Problem statement >> The lines below, from the one holding "An infographic titled" through the one holding "provides a solution", are to be restated word for word, with all images left out.

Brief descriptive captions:
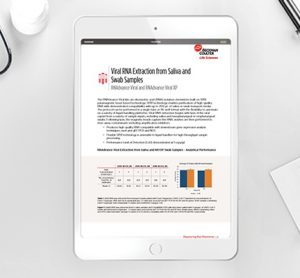 Data sheet Viral RNA extraction from saliva and swab samples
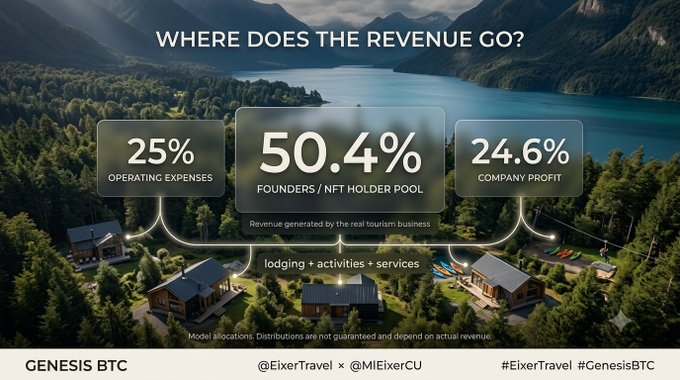 An infographic titled 'WHERE DOES THE REVENUE GO?' showing a breakdown of 25% operating expenses, 50.4% founders/NFT holder pool, and 24.6% company profit for GENESIS BTC by @EixerTravel.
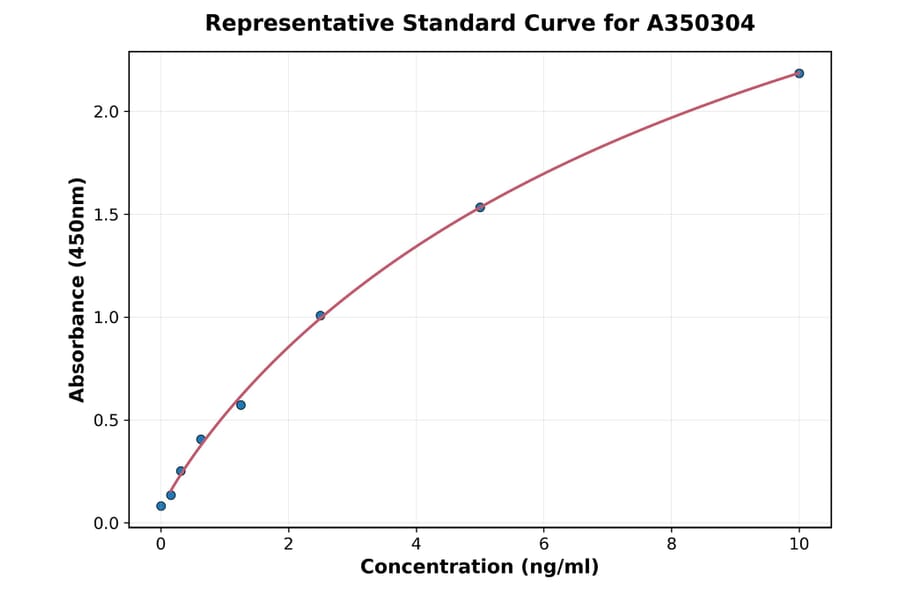 Standard Curve - Porcine PTMA ELISA Kit (A350304) - Antibodies.com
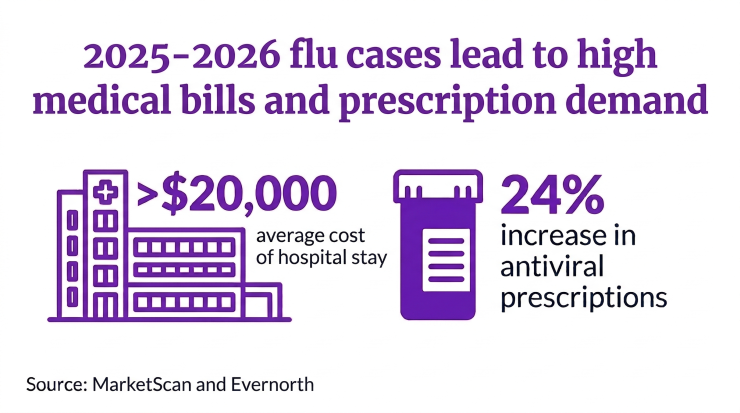 Data on past and current flu season cases, cost of average hospital stay and antiviral prescription increase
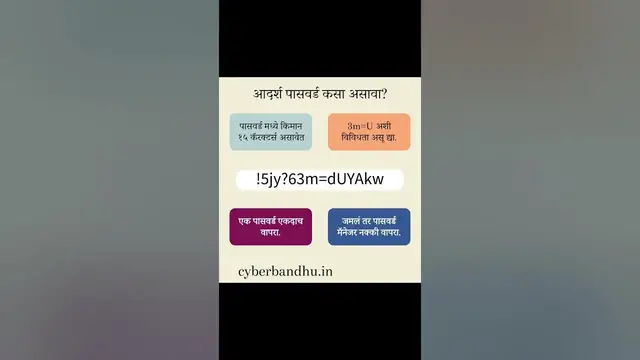 'Video thumbnail for पासवर्ड ठेवताना कधीच स्वतः च्या नावाचा वापर करत जाऊ नका #marathi #cybersecurity #antivirus'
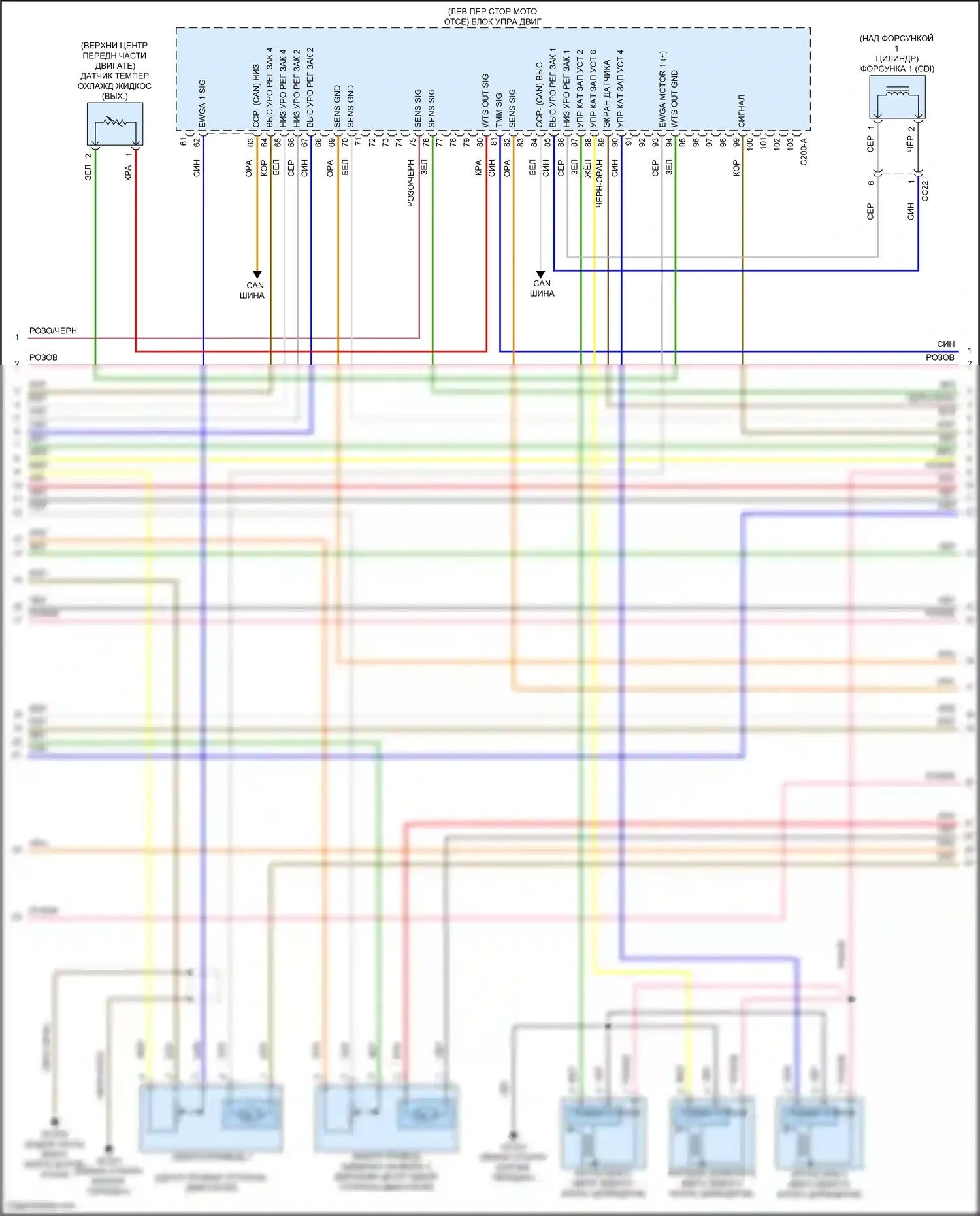 GV80 Genesis I рестайлинг (2023-2024): Электросхема двигатель 3.5л турбо, электросхема органов управления двигателем (2 из 8) 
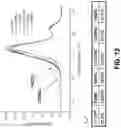 Fig. 21 - CONJUGATED COMPOUNDS COMPRISING CYSTEINE-ENGINEERED ANTIBODIES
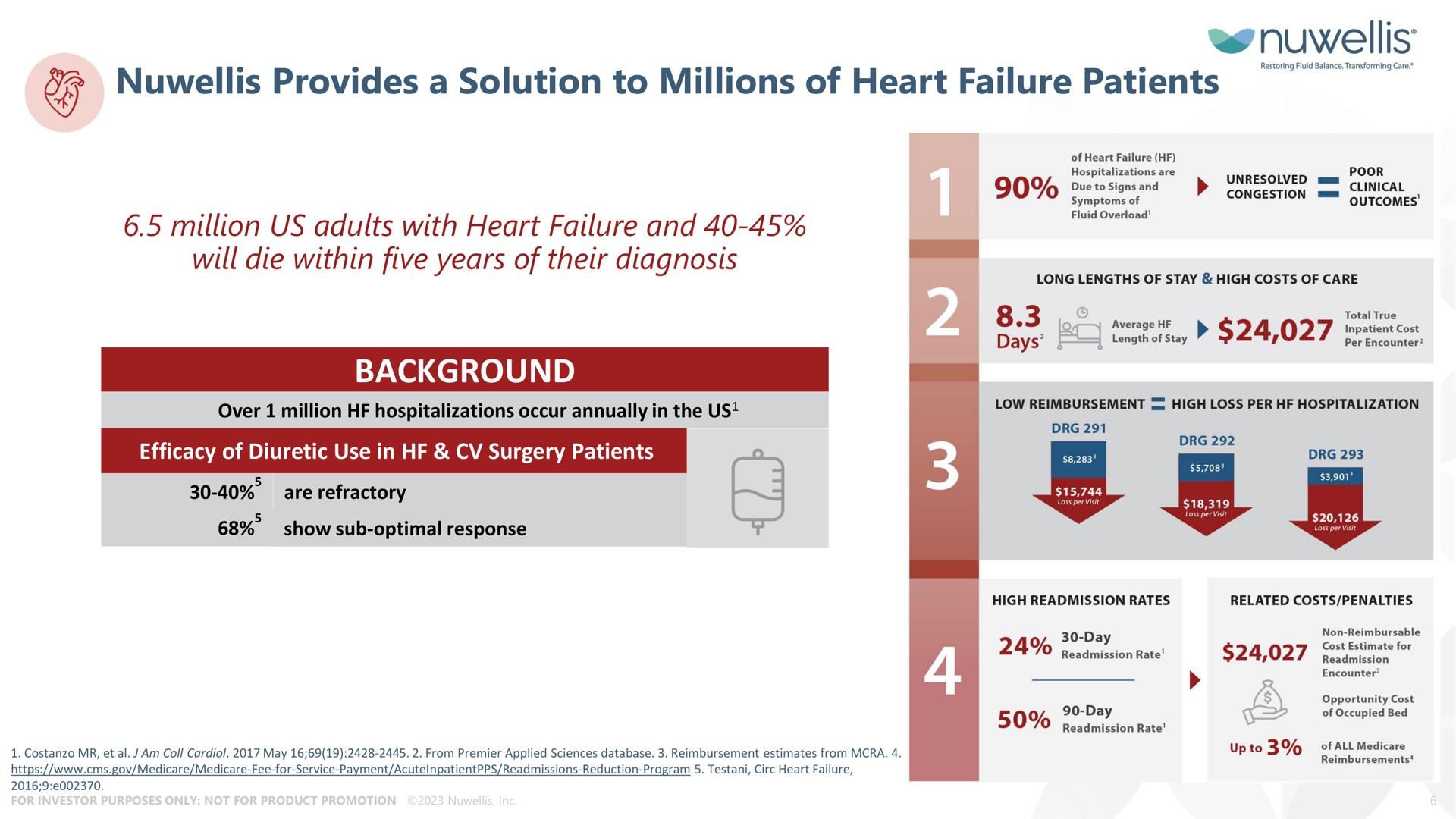 provides a solution to millions of heart failure patients background million us adults with and will die within five years their diagnosis | Nuwellis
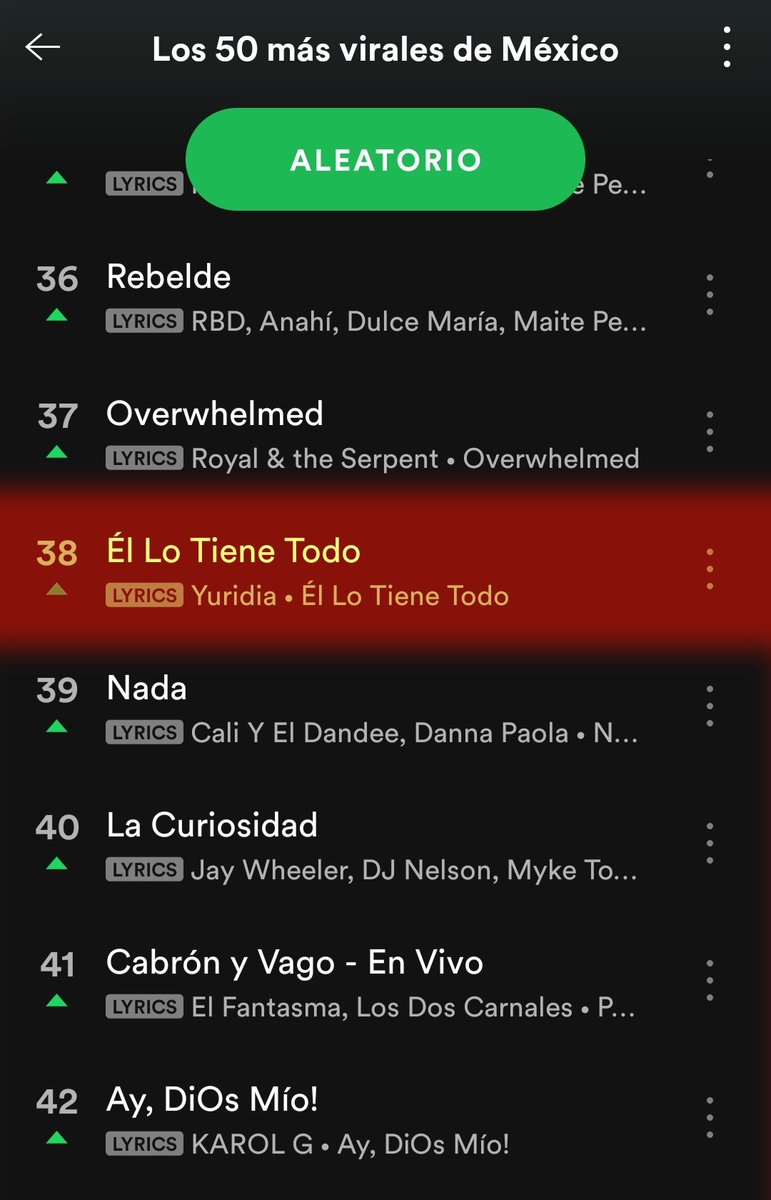 Yuridia_Fandom's tweet photo. #ÉlLoTieneTodo de Yuridia @yuritaflowers sube en los 50 más virales de México en @SpotifyMexico
⬆️ lugar 38

Siendo la única solista en el Top 👑

Sigue reproduciendo la canción en Spotify y compartela.🎶
@seitrack @matiasaranda

https://t.co/ZoXHHN0Q2q https://t.co/qGol8N9bHE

Written solution >>
 An infographic titled 'WHERE DOES THE REVENUE GO?' showing a breakdown of 25% operating expenses, 50.4% founders/NFT holder pool, and 24.6% company profit for GENESIS BTC by @EixerTravel.
 Standard Curve - Porcine PTMA ELISA Kit (A350304) - Antibodies.com
 Data on past and current flu season cases, cost of average hospital stay and antiviral prescription increase
 'Video thumbnail for पासवर्ड ठेवताना कधीच स्वतः च्या नावाचा वापर करत जाऊ नका #marathi #cybersecurity #antivirus'
 GV80 Genesis I рестайлинг (2023-2024): Электросхема двигатель 3.5л турбо, электросхема органов управления двигателем (2 из 8) 
 Fig. 21 - CONJUGATED COMPOUNDS COMPRISING CYSTEINE-ENGINEERED ANTIBODIES
 provides a solution to millions of heart failure patients background million us adults with and will die within five years their diagnosis | Nuwellis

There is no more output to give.